Glory 14: Zagreb was a kickboxing event held on March 8, 2014 at the Arena Zagreb in Zagreb, Croatia.

===Background===
This event featured heavyweight fight of Mirko Cro Cop vs. Remy Bonjasky as headliner, and world title fight for the inaugural Glory Lightweight Championship of Andy Ristie vs. Davit Kiria as co-headliner. This event also featured 4 men Middleweight Contender Tournament to earn a spot in 2014 Glory Middleweight World Championship Tournament.

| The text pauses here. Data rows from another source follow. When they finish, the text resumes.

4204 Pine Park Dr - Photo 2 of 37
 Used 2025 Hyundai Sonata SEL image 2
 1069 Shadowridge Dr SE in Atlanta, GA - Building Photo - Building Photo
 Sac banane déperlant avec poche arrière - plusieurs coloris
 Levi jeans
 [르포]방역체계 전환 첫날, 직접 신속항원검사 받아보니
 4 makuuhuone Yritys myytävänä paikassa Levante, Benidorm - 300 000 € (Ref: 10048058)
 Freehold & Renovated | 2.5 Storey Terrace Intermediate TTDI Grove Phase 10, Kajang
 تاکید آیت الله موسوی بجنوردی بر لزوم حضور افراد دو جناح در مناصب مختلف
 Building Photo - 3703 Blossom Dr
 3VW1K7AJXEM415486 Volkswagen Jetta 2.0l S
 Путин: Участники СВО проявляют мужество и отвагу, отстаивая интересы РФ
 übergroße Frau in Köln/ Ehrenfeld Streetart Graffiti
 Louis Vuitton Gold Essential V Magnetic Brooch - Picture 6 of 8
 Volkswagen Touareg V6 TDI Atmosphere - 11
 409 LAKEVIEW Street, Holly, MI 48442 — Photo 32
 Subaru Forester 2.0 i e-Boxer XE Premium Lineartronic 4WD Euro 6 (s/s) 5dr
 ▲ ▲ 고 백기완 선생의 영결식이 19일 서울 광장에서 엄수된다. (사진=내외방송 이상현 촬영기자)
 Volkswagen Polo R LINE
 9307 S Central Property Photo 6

Glory 14 had an average number of 495,000 viewers on Spike TV.

===Results===
Main Card (Spike)
| Weight Class | | | | Method | Round | Time | Notes |
| Heavyweight | NED Remy Bonjasky | def. | CRO Mirko Cro Cop | Decision (majority) | 3 | 3:00 | |
| Middleweight | BRA Alex Pereira | def. | ARM Sahak Parparyan | Decision (majority) | 3 | 3:00 | Middleweight Contender Tournament Final |
| Lightweight | Davit Kiria ^{1} | def. | SUR Andy Ristie | KO | 5 | 2:22 | For the Lightweight Championship |
| Middleweight | BRA Alex Pereira | def. | USA Dustin Jacoby | KO | 1 | 2:00 | Middleweight Contender Tournament Semi Final |
| Middleweight | ARM Sahak Parparyan | def. | NED Jason Wilnis | Decision (split) | 3 | 3:00 | Middleweight Contender Tournament Semi Final |
Superfight Series
| Heavyweight | CRO Mladen Brestovac | def. | NED Jahfarr Wilnis | KO (left high kick) | 1 | 1:19 | |
| Heavyweight | ROU Benjamin Adegbuyi | def. | UKR Dmytro Bezus ^{2} | TKO (referee stoppage) | 2 | 1:53 | |
| Lightweight | THA Aikpracha Meenayothin | def. | NED Albert Kraus | Decision (split) | 3 | 3:00 | |
| Light Heavyweight | CRO Igor Jurković | def. | NED Michael Duut | KO | 1 | 1:14 | |
| Welterweight | ARM Karapet Karapetyan | def. | UKR Artur Kyshenko | Decision (unanimous) | 3 | 3:00 | |
| Lightweight | SUR Murthel Groenhart | def. | CRO Teo Mikelić ^{3} | TKO (cut) | 1 | 3:00 | |
Undercard
| Heavyweight | CZE Tomáš Hron | def. | BEL Kirk Krouba ^{4} | Decision (unanimous) | 3 | 3:00 | |
| Heavyweight | CRO Mladen Kujundžić | def. | BIH Elmir Mehić | TKO (Doctor stoppage) | 2 | 3:00 | |
| Lightweight | SLO Samo Petje | def. | ALB Lirim Ahmeti | TKO | 2 | | |

^{1} Ky Hollenbeck was replaced with Davit Kiria.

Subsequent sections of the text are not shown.